Nothing but the lines from the one containing "Ilustrácia tretieho trimestra" through the one containing "Игра: Длинная горка", both included, should be given again, each exactly as written below.

Top of Extracted data

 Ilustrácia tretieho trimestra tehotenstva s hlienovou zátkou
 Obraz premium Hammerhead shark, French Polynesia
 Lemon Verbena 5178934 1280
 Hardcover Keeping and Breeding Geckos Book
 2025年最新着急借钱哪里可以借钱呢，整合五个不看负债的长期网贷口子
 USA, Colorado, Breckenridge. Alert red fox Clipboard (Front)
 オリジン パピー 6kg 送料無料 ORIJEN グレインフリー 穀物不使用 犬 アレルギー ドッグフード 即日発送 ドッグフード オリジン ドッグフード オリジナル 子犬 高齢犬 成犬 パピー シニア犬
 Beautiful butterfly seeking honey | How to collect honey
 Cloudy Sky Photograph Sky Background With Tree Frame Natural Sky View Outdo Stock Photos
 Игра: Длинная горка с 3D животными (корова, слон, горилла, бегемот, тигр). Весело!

Bottom of Extracted data
Top of Extracted data

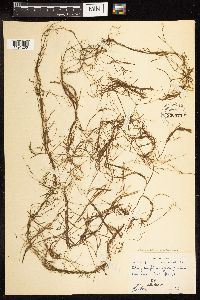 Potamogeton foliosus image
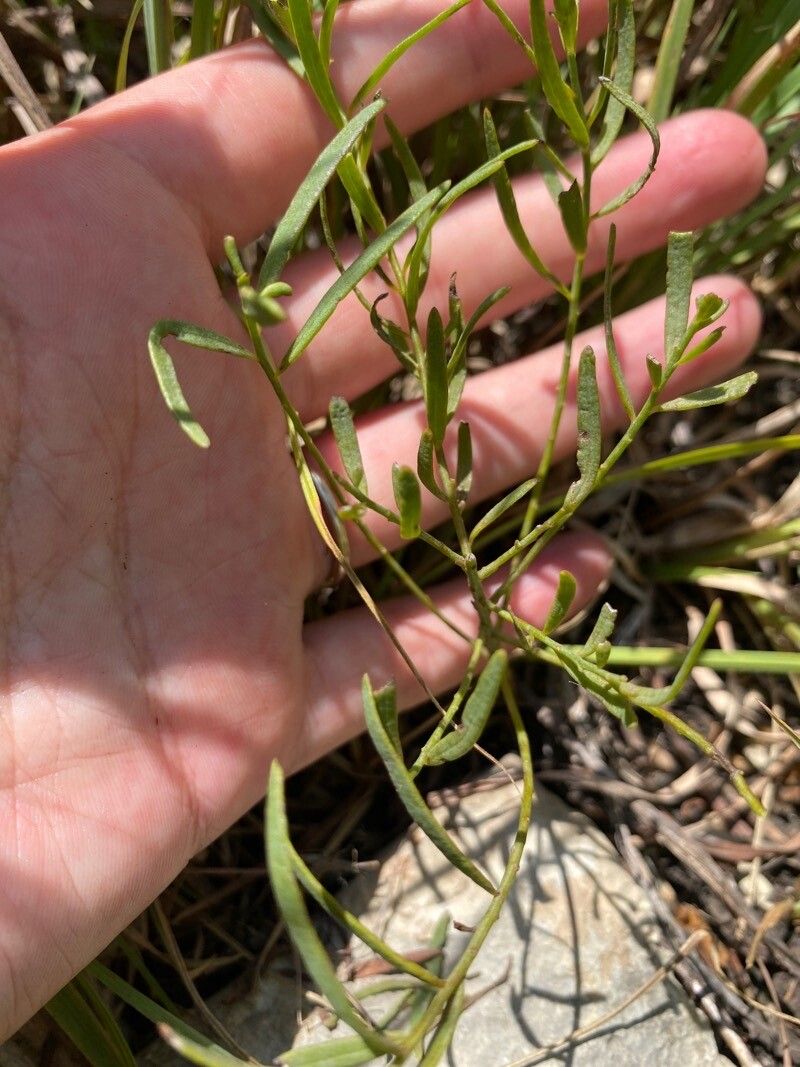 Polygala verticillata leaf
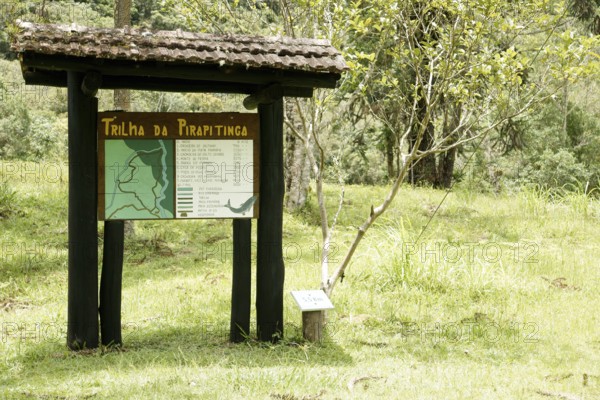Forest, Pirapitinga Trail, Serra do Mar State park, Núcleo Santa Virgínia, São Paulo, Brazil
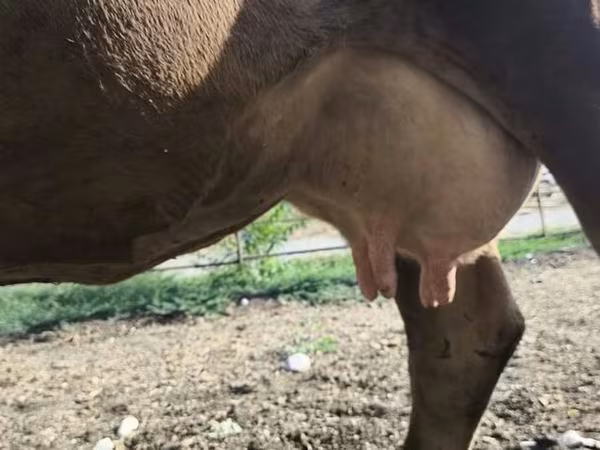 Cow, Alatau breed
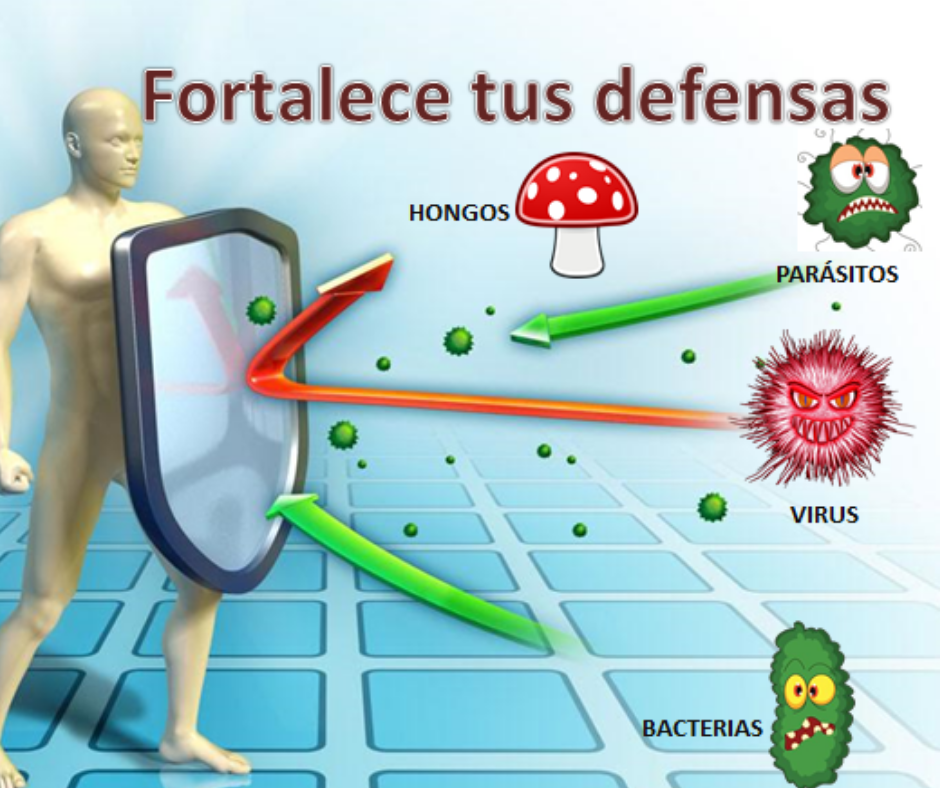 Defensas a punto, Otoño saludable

Bottom of Extracted data

> [Expected answer]:
 Ilustrácia tretieho trimestra tehotenstva s hlienovou zátkou
 Obraz premium Hammerhead shark, French Polynesia
 Lemon Verbena 5178934 1280
 Hardcover Keeping and Breeding Geckos Book
 2025年最新着急借钱哪里可以借钱呢，整合五个不看负债的长期网贷口子
 USA, Colorado, Breckenridge. Alert red fox Clipboard (Front)
 オリジン パピー 6kg 送料無料 ORIJEN グレインフリー 穀物不使用 犬 アレルギー ドッグフード 即日発送 ドッグフード オリジン ドッグフード オリジナル 子犬 高齢犬 成犬 パピー シニア犬
 Beautiful butterfly seeking honey | How to collect honey
 Cloudy Sky Photograph Sky Background With Tree Frame Natural Sky View Outdo Stock Photos
 Игра: Длинная горка с 3D животными (корова, слон, горилла, бегемот, тигр). Весело!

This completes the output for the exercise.